Ora, se o jogo, nas mãos do Estado, vai tão bem – ninguém discute o resultado da Loteria Federal, da Quina ou da Mega-Sena, ou suspeita de desvio do dinheiro arrecadado – por que privatizar a atividade?
Em todos os lugares do mundo, sabe-se, sobejamente, que a jogatina, quando entregue à iniciativa privada, não se resume a tomar dinheiro, principalmente de velhinhas e aposentados. Os cassinos e os bingos, assim como as máquinas de pescar moedas, quando não estão sob o controle do Estado, sempre acabam sob o controle de grupos mafiosos. O jogo em mãos mafiosas favorece outras atividades criminosas, como a lavagem de dinheiro, a corrupção da polícia, a prostituição e o tráfico de drogas.
Ninguém precisa ver um filme americano ou visitar Las Vegas para saber como isso é verdade. Há alguns anos, eu estava hospedado em um flat próximo aos Jardins, em São Paulo, cujo nome poderia citar aqui, se quisesse, quando reparei que, todos os dias, às seis, sete da tarde, muitos estrangeiros vestidos esmeradamente de terno, se reuniam no lobby e depois, partiam, um a um ou de dois em dois, em diferentes carros, tomando variadas direções, na noite de São Paulo.
Curioso, me aproximei deles e reparei, pelo sotaque, que eram corsos.
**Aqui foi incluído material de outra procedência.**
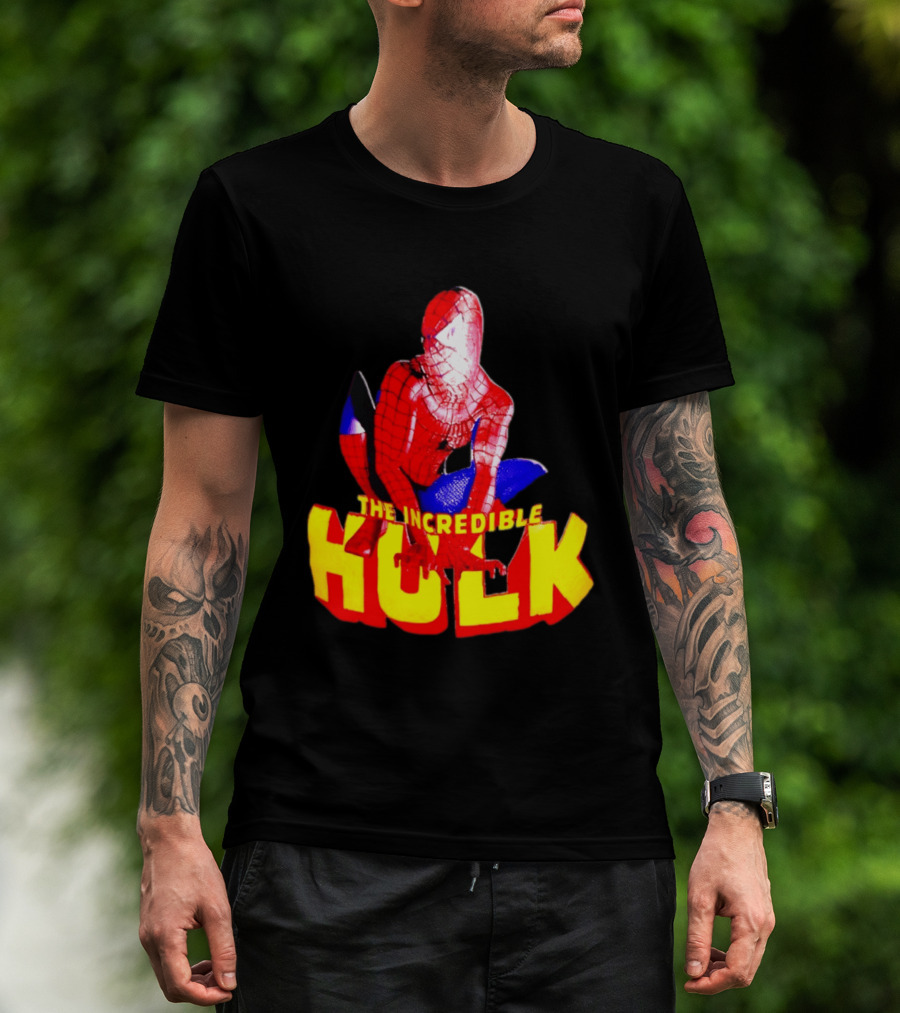 Spider Man The Incredible Hulk Crossover Marvel Mashup T-Shirt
E não corsos comuns. Tratava-se de compatriotas de Napoleão que, apesar dos ternos caros, tinham caras de poucos amigos.
Quando saíram, me aproximei do porteiro e perguntei quem eram. – é o pessoal do bingo – respondeu, entre reverente e tímido – cada um toma conta de uma casa. E são mais de vinte…
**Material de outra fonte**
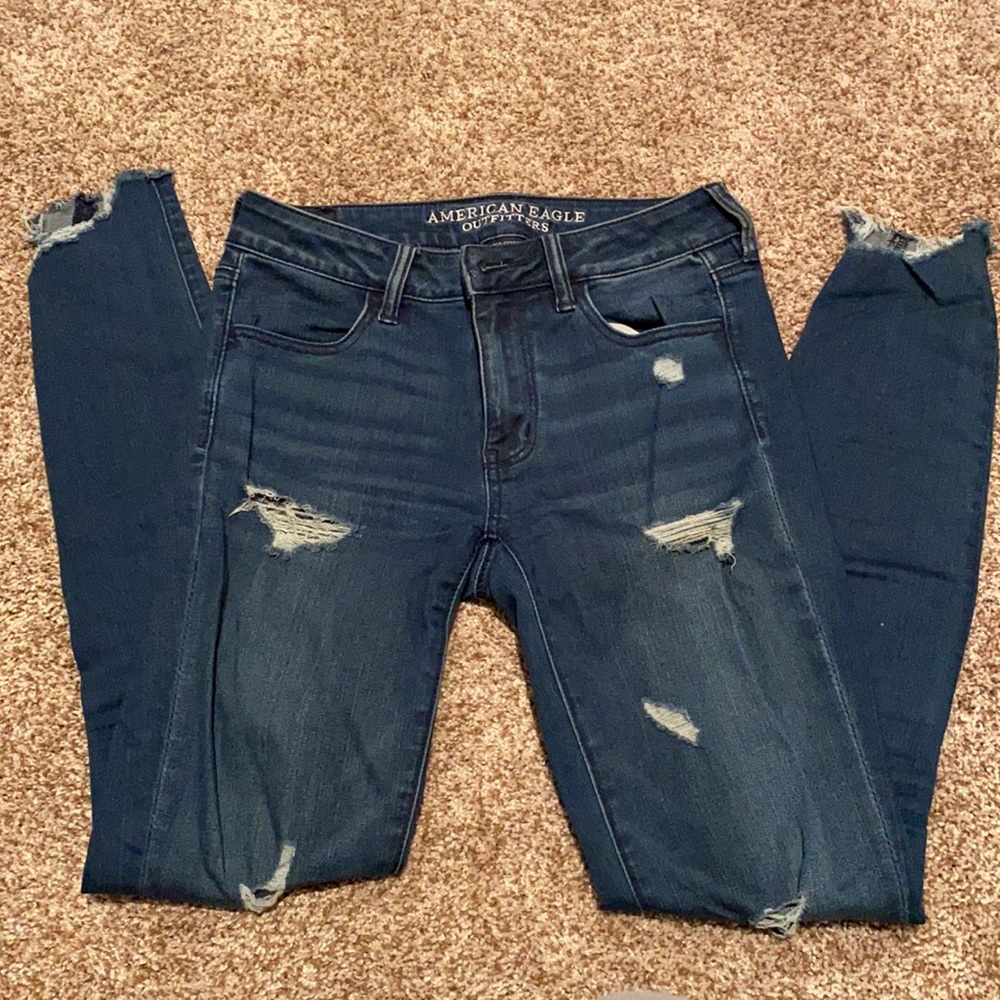 American eagle indigo blue skinny jeans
Vendo a reação daquele porteiro, imaginei aquele bando de corsos que, na minha época, teriam a cara cortada a navalha pela malandragem que conheci nos meus tempos de repórter de editoria de polícia – exercendo a sua arrogância e prepotência em cima de centenas de garçons, porteiros, motoristas e garçonetes brasileiras. Quando deixei o hotel, levei o fato às autoridades, o que não deu em nada.
Há empresários e nobres deputados e senadores preocupados com os empregos do bingo? Simples. Faça a Caixa Econômica Federal um convênio com o SENAC, treinem-se, capacitem-se, cozinheiros e garçons, manobristas, recepcionistas; instalem-se nas futuras casas de bingo ou cassinos, máquinas como as que existem hoje nas agências lotéricas, para controlar a entrada e a saída de dinheiro; abram concursos para a contratação do pessoal, e mãos à obra.
Os empregos das pessoas de quem houvesse trabalhado nessas casas, quando clandestinas, poderão ser preservados, milhares de outros serão criados e o dinheiro perdido pelos incautos apostadores, e auferido pelo sistema, será revertido, como já ocorre com as loterias, em beneficio de toda a sociedade.
É claro que sempre haverá espertas raposas para dizer que o governo não deve mexer com bingo. Que é um absurdo o governo entrar em uma atividade que, em outros países, é explorada pela iniciativa “privada”; que o papel do governo é cuidar, e que está cuidando mal, da saúde e da educação; que a questão do jogo no Brasil – como é o caso do “bicho”, por exemplo – está uma bagunça, que é preciso determinar como irão funcionar as coisas, como será calculado o ganho dos apostadores, qual será a “parcela” da União, Estados, Municípios na féria. Que não sendo o jogo coisa de governo, que o poder público deveria “terceirizar” essa atividade, entregando a sua exploração a “empresários” de “fora”, que tenham experiência, associados a brasileiros.
O caso do Senador Demóstenes Torres, apanhado em ligações perigosas, permitiu que, ao menos por enquanto, as uvas cobiçadas pela raposa – a privatização do jogo no Brasil – ficassem, repentinamente, verdes. Quando essa discussão amadurecer de novo, esperemos que ela seja conduzida levando-se em consideração não os interesses de meia dúzia de malandros, mas, sim, os de todo o povo brasileiro.